A mixture of sugar and water contains sugar and water in the ratio of 3: 2. Another mixture of sugar and water contains sugar and water in the ratio 2: 5. In what ratio should the two mixtures be mixed so that the resulting mixture contains equal proportion of sugar and water?

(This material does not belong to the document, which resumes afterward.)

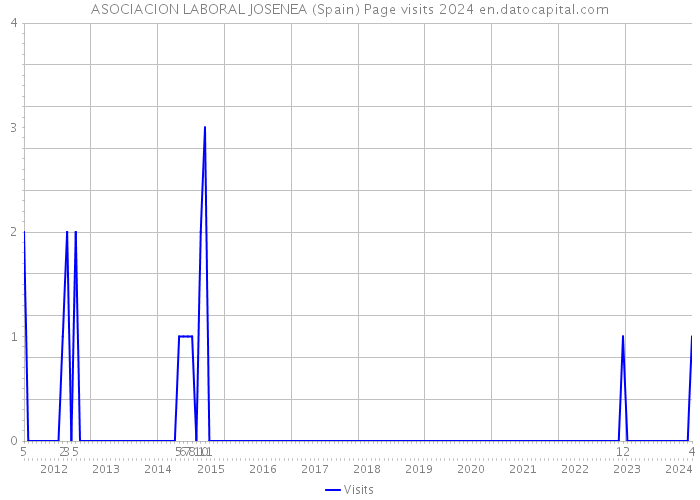 ASOCIACION LABORAL JOSENEA (Spain) Page visits 2024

Explanation: Let \(x\) and \(y\) be the amounts of Mixture 1 and Mixture 2, respectively. Mixture 1 (Ratio 3:2, Total 5): Sugar concentration = \(\frac{3}{5}\). Water concentration = \(\frac{2}{5}\). Mixture 2 (Ratio 2:5, Total 7): Sugar concentration = \(\frac{2}{7}\). Water concentration = \(\frac{5}{7}\). Resulting mixture needs equal proportion of sugar and water (Ratio 1:1). Sugar concentration = \(\frac{1}{2}\). The total amount of sugar in the new mixture is: \(\frac{3}{5}x + \frac{2}{7}y\). The total amount of mixture is \(x+y\). The concentration of sugar in the new mixture must be \(\frac{1}{2}\). \(\frac{\frac{3}{5}x + \frac{2}{7}y}{x+y} = \frac{1}{2}\). \(2 (\frac{3}{5}x + \frac{2}{7}y) = x+y\). \(\frac{6}{5}x + \frac{4}{7}y = x+y\). \(\frac{6}{5}x - x = y - \frac{4}{7}y\). \(\frac{1}{5}x = \frac{3}{7}y\). The required ratio \(\frac{x}{y} = \frac{\frac{3}{7}}{\frac{1}{5}} = \frac{3}{7} \times \frac{5}{1} = \frac{15}{7}\). Since $15:7$ is not an option, the answer is **None of these**.